• [WHAT NEEDS TO BE DONE]:
Exclude the pictures and set down, unaltered, the lines from the one that holds "Trabalhadores de escritório" through the end of the data.

(SUPPLIED DATA Opens)

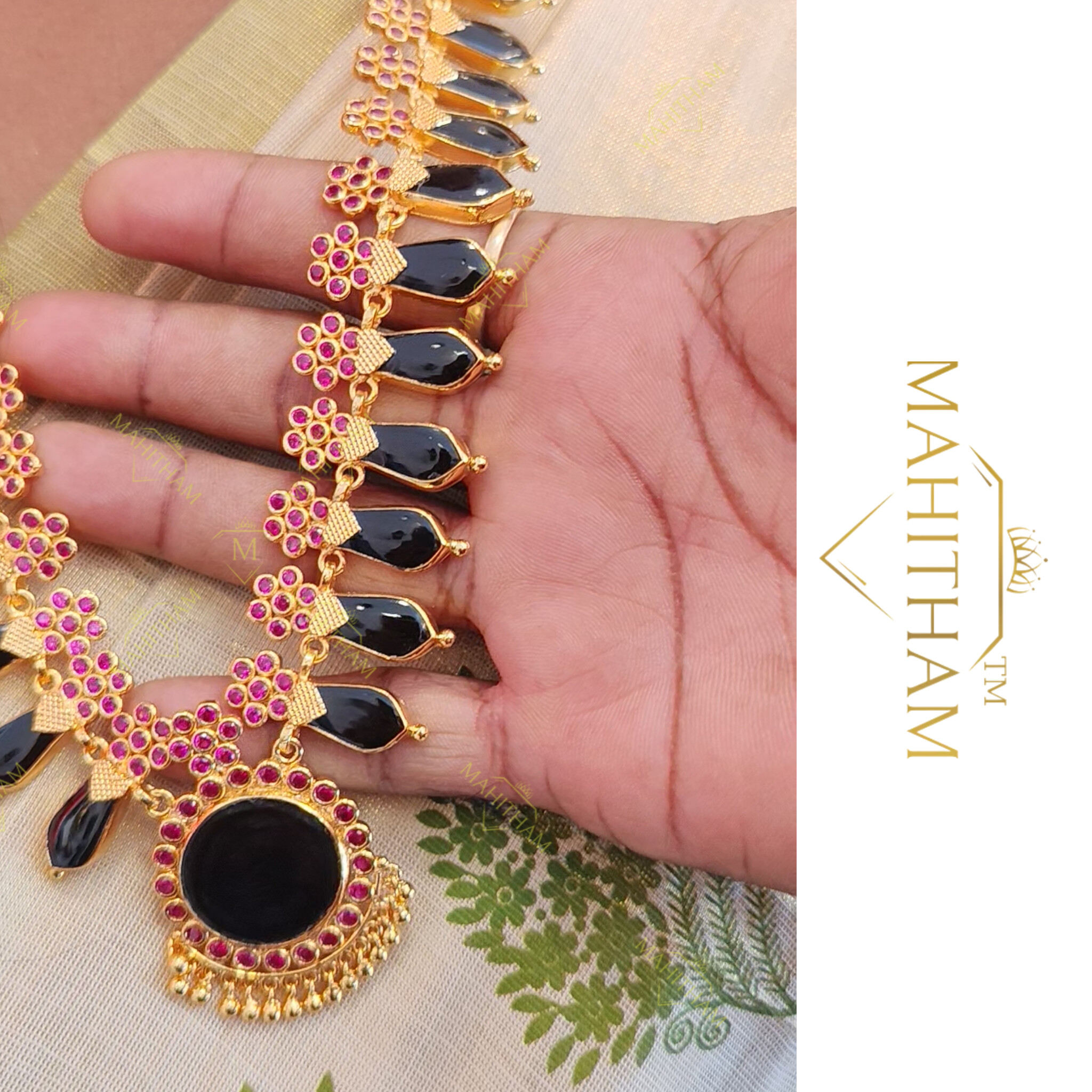 Mahitham Nagapadam Flower Ruby Necklace MG-2267 close-up showing seven flower motifs, ruby stones and black nagapadam drops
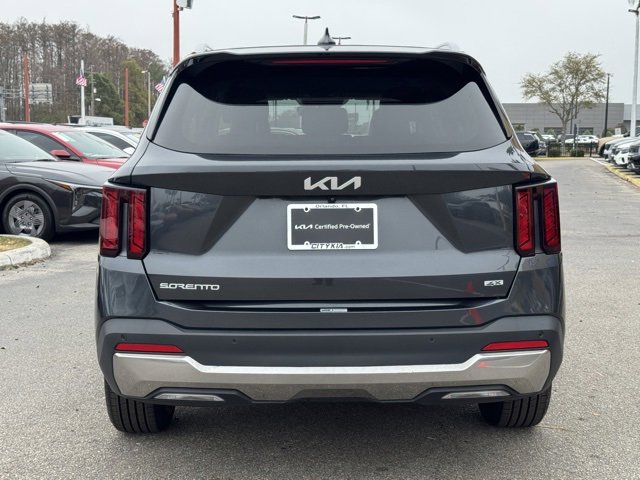 Certified 2024 Kia Sorento S image 4
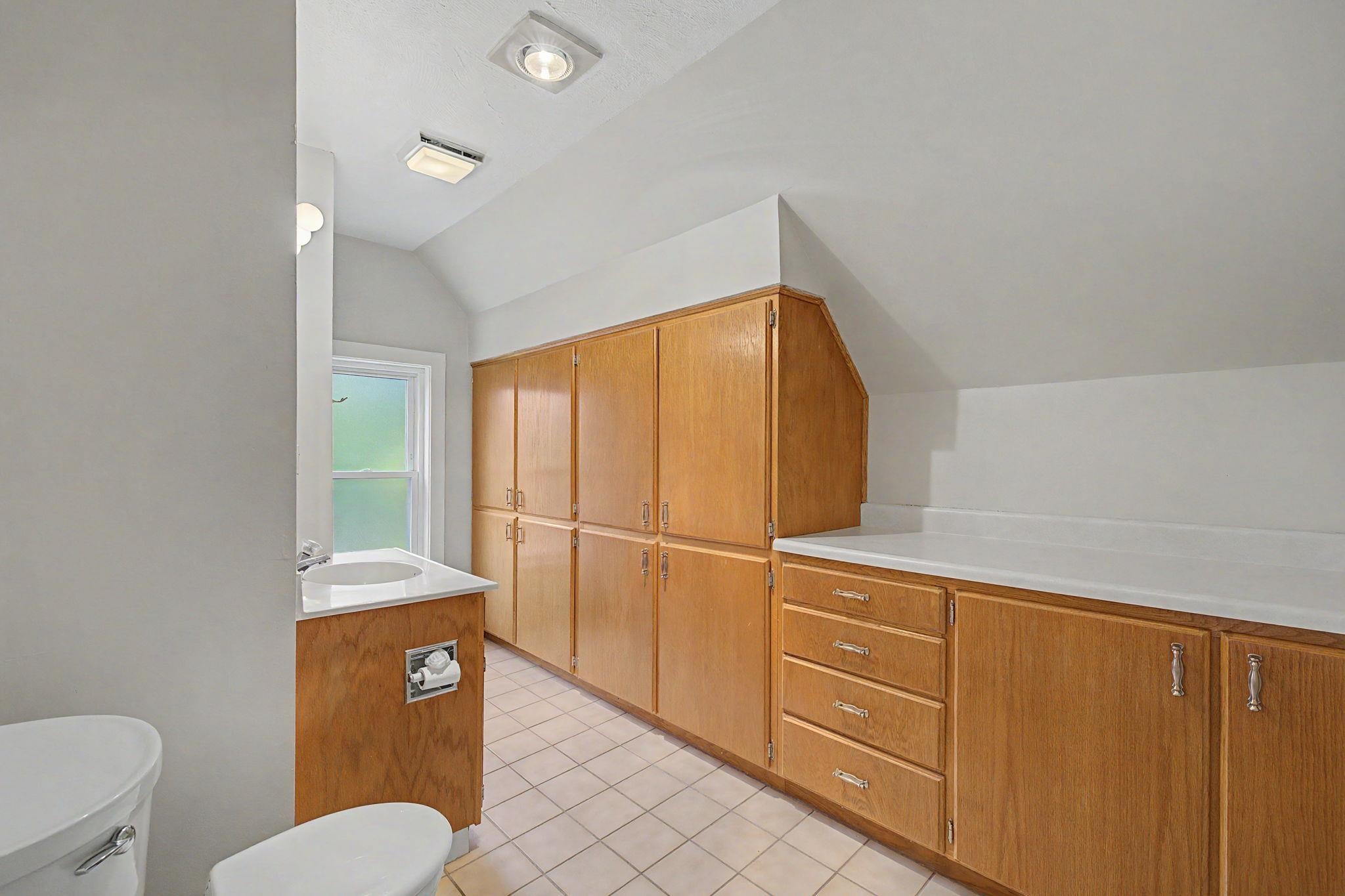 326 Walnut Street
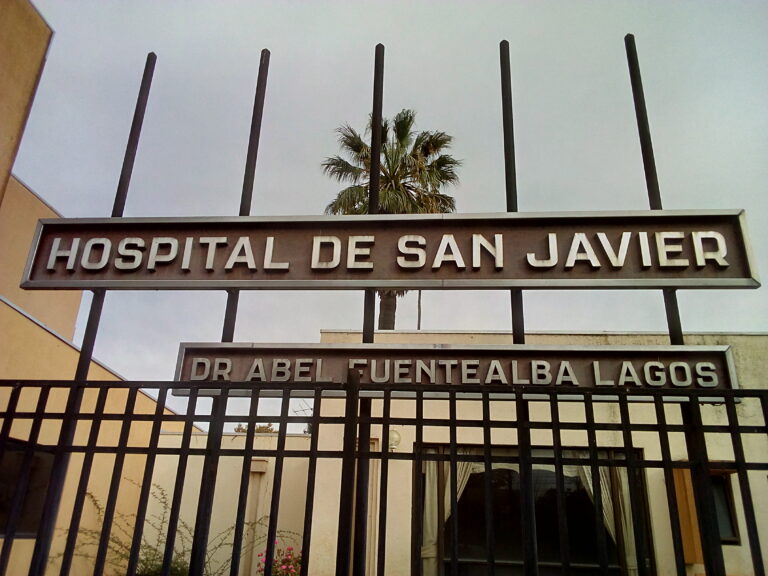 Detectan brote de Covid-19 al interior del Hospital de San Javier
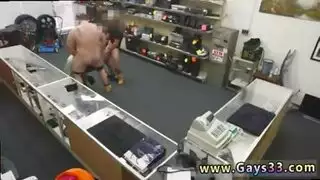 أبيض وأسود: زوج بين الأعراق في فعل إكس إكس إكس قاسي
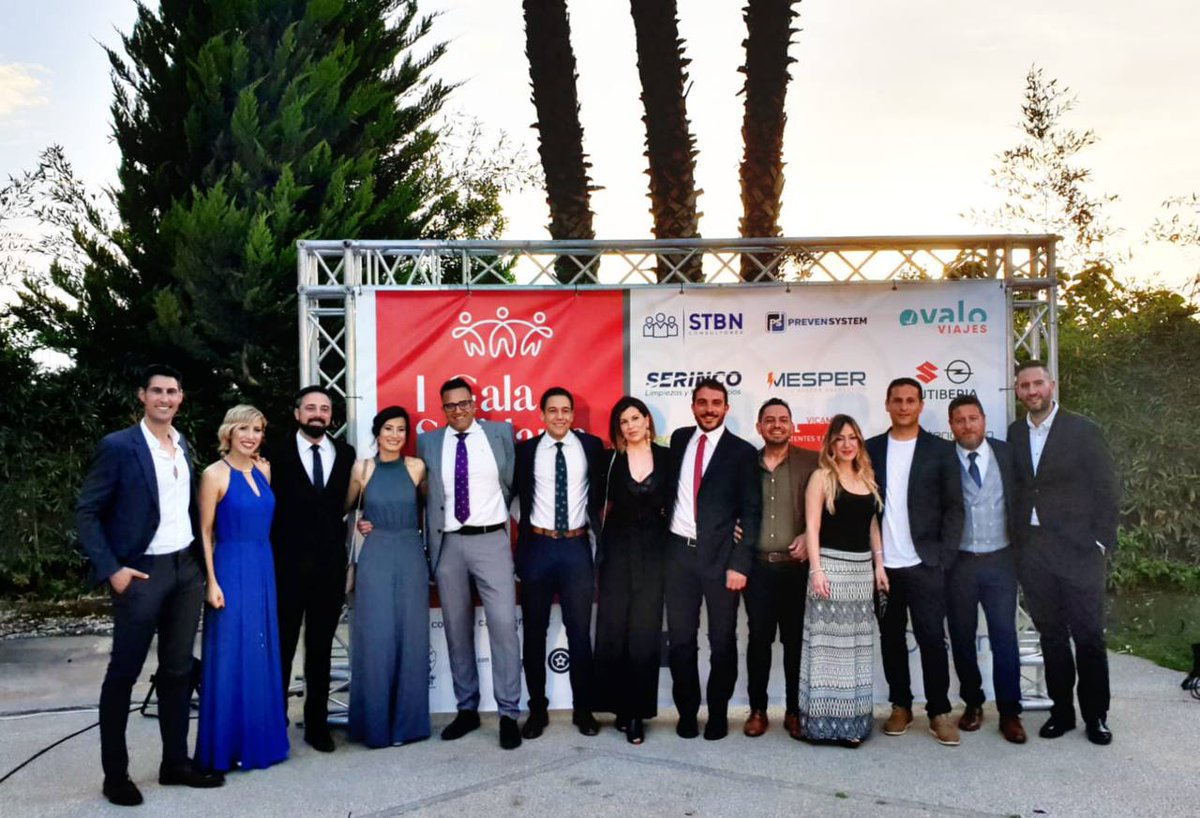 EcopeInformatic's tweet photo. Ayer tuvimos el placer de asistir a la celebración de la  𝐈 𝐆𝐚𝐥𝐚 𝐒𝐨𝐥𝐢𝐝𝐚𝐫𝐢𝐚💫 organizada por BNI Granada Norte  en el espectacular enclave de los Jardines de Siddharta

#empresasdegranada #granada #BNI #asociaciones #fundaciones #proyectos https://t.co/tEZtoeim2C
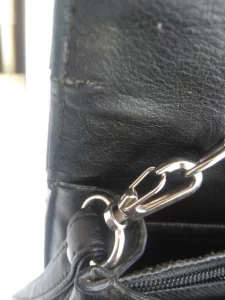 Объёмная чёрная папка с клапаном на замке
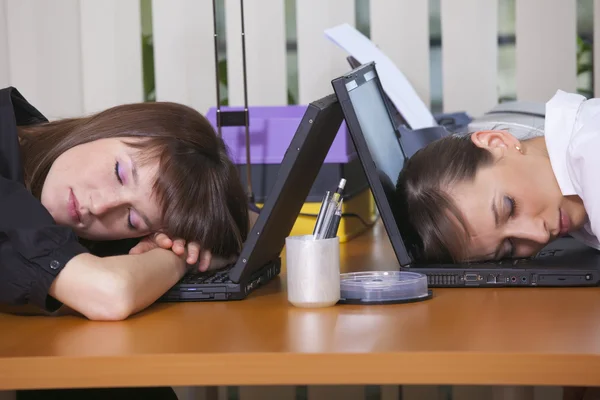 Trabalhadores de escritório cansados — Fotografia de Stock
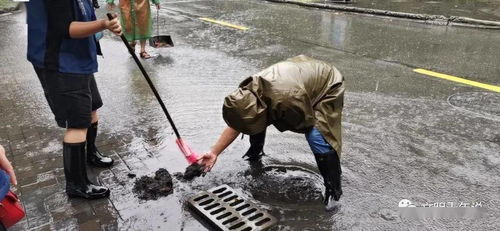 德宏居民在雨中清理排水沟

(SUPPLIED DATA Closes)

• [SOLUTION TO THIS EXERCISE]:
 Trabalhadores de escritório cansados — Fotografia de Stock
 德宏居民在雨中清理排水沟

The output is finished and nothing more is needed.